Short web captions
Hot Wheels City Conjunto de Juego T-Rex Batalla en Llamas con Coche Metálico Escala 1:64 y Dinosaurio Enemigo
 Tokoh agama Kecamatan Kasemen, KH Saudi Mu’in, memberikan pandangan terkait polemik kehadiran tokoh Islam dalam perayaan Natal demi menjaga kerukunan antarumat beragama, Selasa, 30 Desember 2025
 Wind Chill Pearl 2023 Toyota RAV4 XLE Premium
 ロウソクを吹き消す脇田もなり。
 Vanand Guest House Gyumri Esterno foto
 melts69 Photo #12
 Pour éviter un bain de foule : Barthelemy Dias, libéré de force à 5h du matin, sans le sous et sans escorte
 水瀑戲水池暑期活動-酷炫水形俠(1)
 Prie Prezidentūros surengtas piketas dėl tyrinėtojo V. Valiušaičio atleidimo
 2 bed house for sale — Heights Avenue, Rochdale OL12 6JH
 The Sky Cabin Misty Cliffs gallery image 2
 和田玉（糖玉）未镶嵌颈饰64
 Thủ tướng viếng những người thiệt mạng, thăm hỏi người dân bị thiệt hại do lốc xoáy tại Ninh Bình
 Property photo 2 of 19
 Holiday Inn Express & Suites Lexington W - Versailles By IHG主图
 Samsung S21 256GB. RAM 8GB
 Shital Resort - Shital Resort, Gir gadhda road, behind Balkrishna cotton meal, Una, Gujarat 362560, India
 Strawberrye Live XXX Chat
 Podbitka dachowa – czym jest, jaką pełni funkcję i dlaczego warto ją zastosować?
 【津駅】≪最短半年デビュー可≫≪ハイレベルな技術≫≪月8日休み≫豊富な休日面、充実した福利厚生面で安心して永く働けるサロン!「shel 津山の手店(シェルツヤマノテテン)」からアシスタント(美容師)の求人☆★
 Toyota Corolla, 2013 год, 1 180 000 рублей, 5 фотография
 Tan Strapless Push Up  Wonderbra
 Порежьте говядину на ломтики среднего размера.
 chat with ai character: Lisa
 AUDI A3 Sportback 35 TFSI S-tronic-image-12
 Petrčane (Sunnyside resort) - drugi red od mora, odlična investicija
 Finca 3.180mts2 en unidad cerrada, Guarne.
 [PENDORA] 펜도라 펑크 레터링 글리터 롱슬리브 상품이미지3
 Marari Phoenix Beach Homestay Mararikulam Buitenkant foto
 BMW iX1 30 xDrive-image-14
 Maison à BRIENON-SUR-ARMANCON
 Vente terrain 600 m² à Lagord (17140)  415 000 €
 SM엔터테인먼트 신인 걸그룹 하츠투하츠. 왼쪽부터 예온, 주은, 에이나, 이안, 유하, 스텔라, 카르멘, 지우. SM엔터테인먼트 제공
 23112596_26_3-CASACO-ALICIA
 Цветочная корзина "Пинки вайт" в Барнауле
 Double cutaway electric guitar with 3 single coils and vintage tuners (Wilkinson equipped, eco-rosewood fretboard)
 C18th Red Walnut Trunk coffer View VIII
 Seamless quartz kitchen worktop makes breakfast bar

== Problem to solve ==
Extract every line from the one containing "SM엔터테인먼트 신인 걸그룹" to the end of the entries, including both of those lines, exactly as given and with nothing added.

== Task response ==
 SM엔터테인먼트 신인 걸그룹 하츠투하츠. 왼쪽부터 예온, 주은, 에이나, 이안, 유하, 스텔라, 카르멘, 지우. SM엔터테인먼트 제공
 23112596_26_3-CASACO-ALICIA
 Цветочная корзина "Пинки вайт" в Барнауле
 Double cutaway electric guitar with 3 single coils and vintage tuners (Wilkinson equipped, eco-rosewood fretboard)
 C18th Red Walnut Trunk coffer View VIII
 Seamless quartz kitchen worktop makes breakfast bar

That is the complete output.